WORK ORDER = For the full listing below, write out each entry exactly and exclude the images.
Segment Open
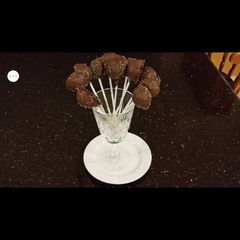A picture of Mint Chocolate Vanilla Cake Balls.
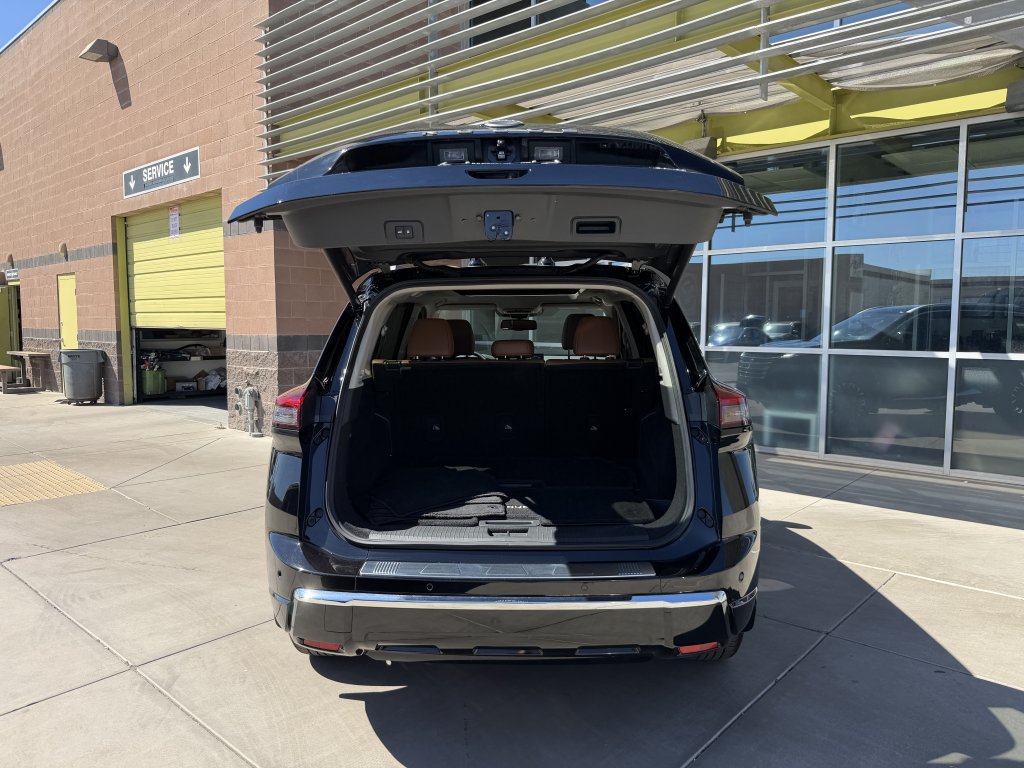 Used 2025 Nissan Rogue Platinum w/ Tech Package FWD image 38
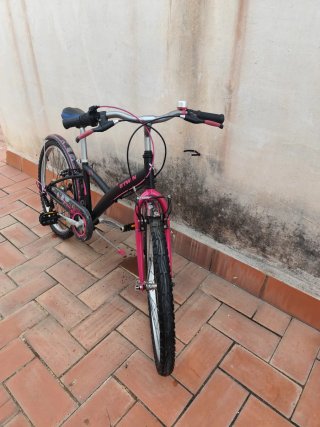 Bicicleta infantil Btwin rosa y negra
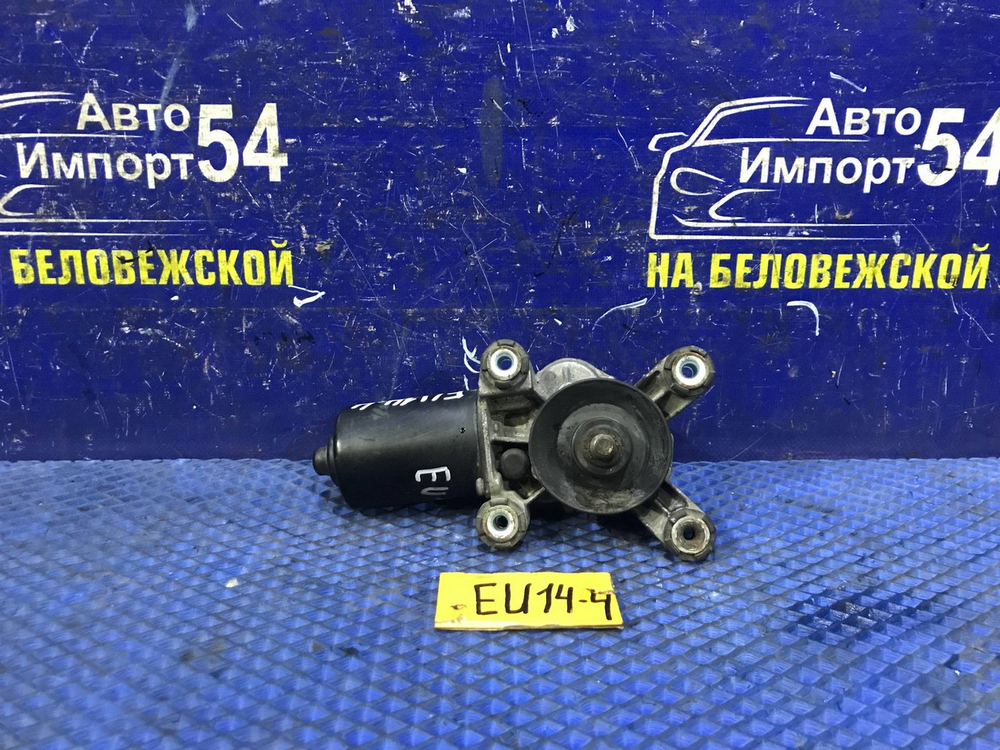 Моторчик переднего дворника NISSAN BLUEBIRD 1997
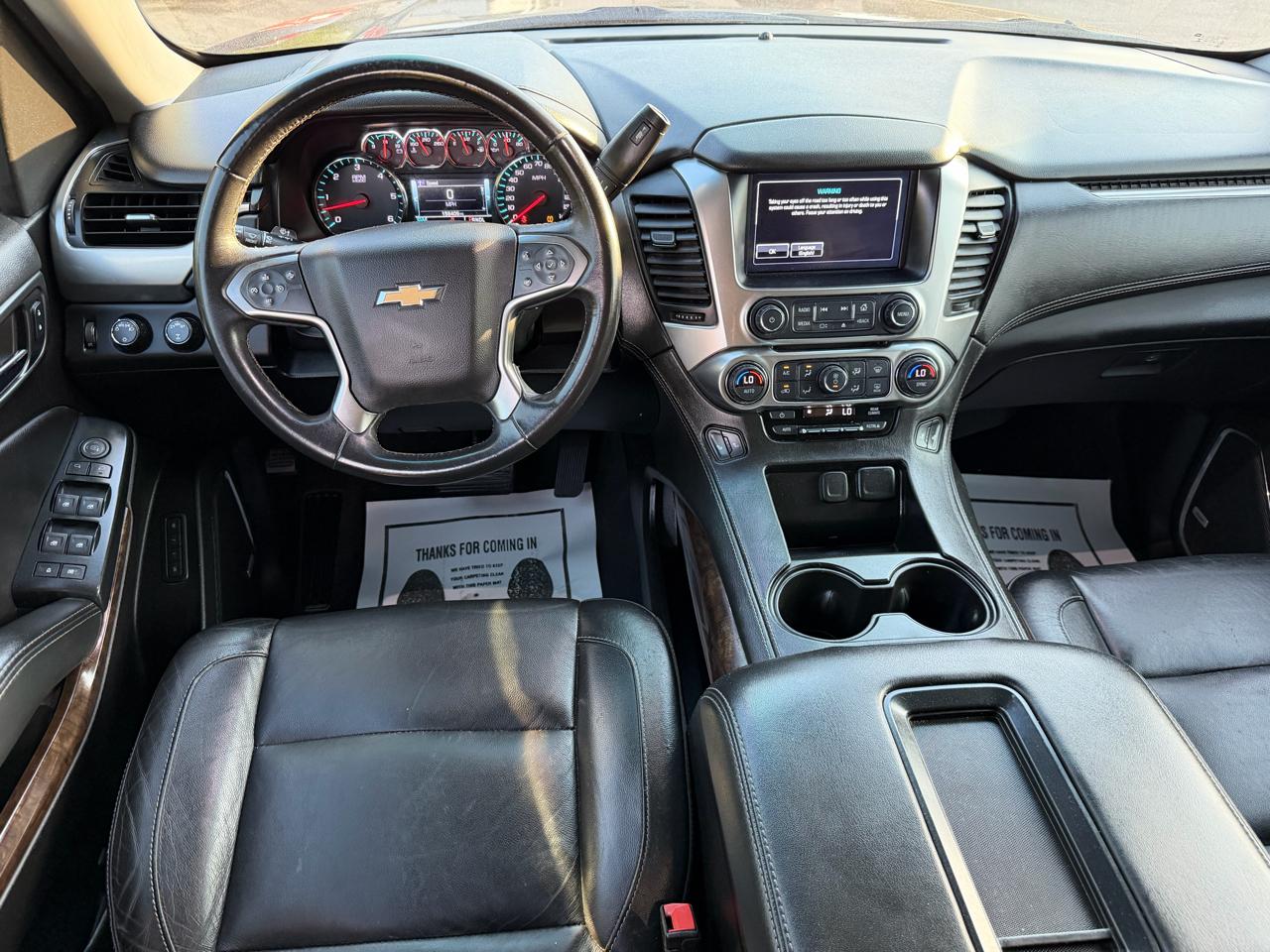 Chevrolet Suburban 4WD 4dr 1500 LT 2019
Segment Closed
EXERCISE OUTPUT =
A picture of Mint Chocolate Vanilla Cake Balls.
 Used 2025 Nissan Rogue Platinum w/ Tech Package FWD image 38
 Bicicleta infantil Btwin rosa y negra
 Моторчик переднего дворника NISSAN BLUEBIRD 1997
 Chevrolet Suburban 4WD 4dr 1500 LT 2019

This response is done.